Sunday, April 27, 2014

Teen Reviewer 2 Reviews

Teen Reviewer Kate read and reviewed Megan Shepard's The Madman's Daughter and What I Thought Was True, by Huntley Fitzpatrick

The Madman's Daughter is a book Kate heard about through Goodreads, and she ended up loving it: "This book was equal creepy and wonderful. This historical fiction follows Juliette. She has a tragic past of her mother's death and her father's disappearance. Juliette's father is quite the mad scientist, and the mystery is if the rumors that her father is crazy are true. Either way, she goes searching for her father. The mystery unfolds and the cliffhanger is amazing!" 

What I Thought Was True, a realistic romance, pretty much jumped off the shelf and begged to be read. "After I finished My Life Next Door, I was really looking forward to another of Huntley Fitzpatrick's great contemporary novels. What I Thought Was True follows Gwen, who is unlike most girls in contemporary books. She is loud and isn't afraid to speak her mind, and I really liked the contrast from shy and quiet Sam from My Life Next Door. To get into Gwen's life: Her parents are divorced, but is still in contact with her dad. Gwen lives on an island where her mother cleans summer homes and just got a job taking care of an elderly woman. The romance and depth of this book was just beautiful, and once again I loved (this author's) book."

Kate wouldn't hesitate to recommend either book.

Saturday, April 26, 2014

(Fun) Advice for the College Bound

Headed off to college in the fall (or already there)? Then you absolutely MUST check out Halley Bondy's 77 Things You Absolutely Have to Do Before You Finish College

Trust us, there's more to the college experience than the stereotypes of cramming, classes, and parties. College is the perfect time to step out of your comfort zone and try new things, meet new people, and just otherwise have the experiences you never could have before. Whether you just try one or two of these tips or all 77 of them, this book will help you to make the most of this truly unique time in your life. So go ahead, Try #9...or #27...or even #46. Have fun.

Wednesday, April 23, 2014

To All The Boys I've Loved Before

Laura Jean has had a crush on boy-next-door Josh for years! But Josh starts dating her older sister, Margo. Brokenhearted, Laura Jean does what she always does when it comes to boys she'll never have a chance with: She writes him a goodbye letter, pouring all her feelings onto the page, seals it, addresses it....and hides the letter in a special secret hatbox under her bed. When Margo dumps Josh the night before she's to leave for college (in Scotland!), Laura Jean is afraid Josh will disappear from her life forever. Then the unthinkable! Laura Jean begins to get contacted by the boys she wrote the letters to--and they're bringing up things she wrote in the secret letters. Only in the secret letters. It doesn't take long to figure out someone mailed the correspondence behind Laura Jean's back (accidentally? out of spite?)

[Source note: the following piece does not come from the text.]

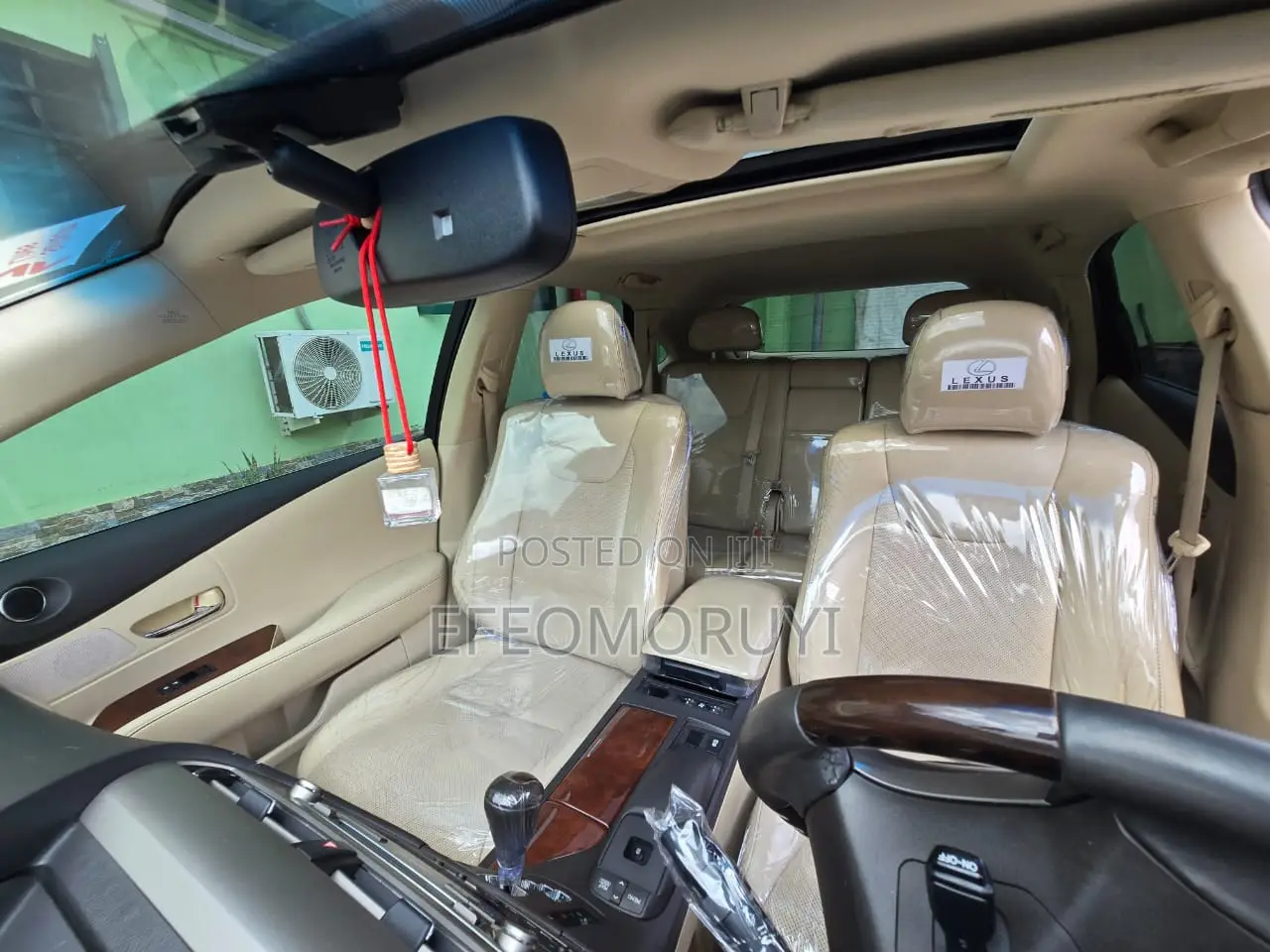 Lexus RX 2015 Gold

With Margo away, things between Laura Jean and Josh get more complicated. Then there's classmate (and former crush) Peter, who Laura Jean agrees to date to make Peter's ex jealous. Sure, it's a ruse, but Laura Jean wonders: is there something more between them? Add to the confusion a nasty rumor and a forbidden interaction with Josh. Situations reach a head when Margo returns from college to find her little sister has been intimate with her (Margo's) ex. Drama, drama, drama...but finally a resolution.

And then there's the biggest question of all: Who mailed those letters?

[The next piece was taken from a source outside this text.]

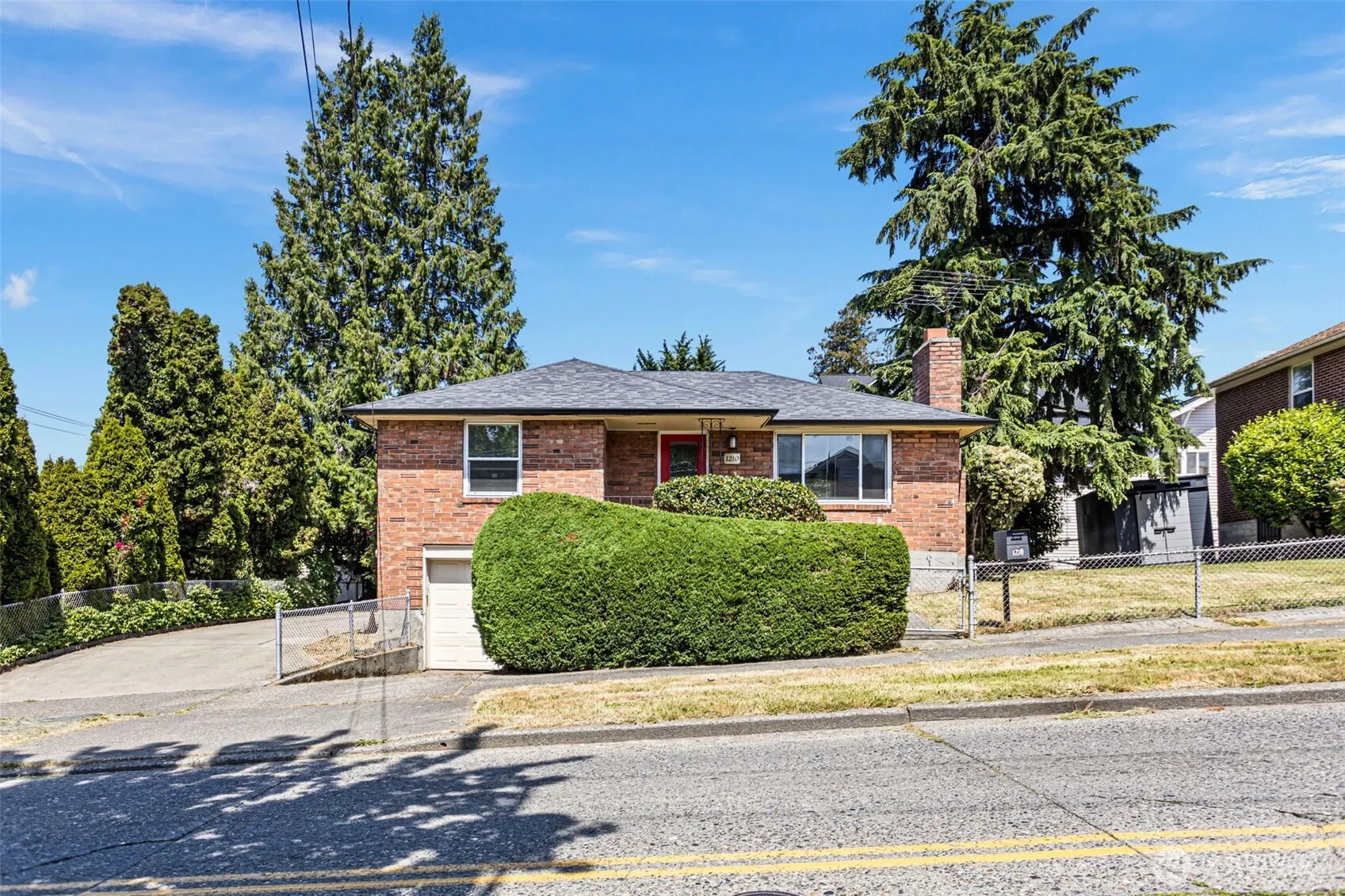Property photo for 1210 S Lucile Street, Seattle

The first in a proposed series, Jenny Han's To All The Boys I've Loved Before is a fun and beachy romance in the same vein as the author's ever-popular Summer Trilogy. Pick this one up if you want a light romance. Look for the sequel, P.S. I Still Love You, due out in 2015.

Monday, April 21, 2014

One Week Left

There's about a week left in April, and that means about a week left for taking part in our National Poetry Month activities

Stop by the Teen Desk and find out how you can create a Book Spine Poem or Blackout Poem. Or just check out one of our many poetry books or novels in verse (ask the librarian to recommend one or browse the collection on your own).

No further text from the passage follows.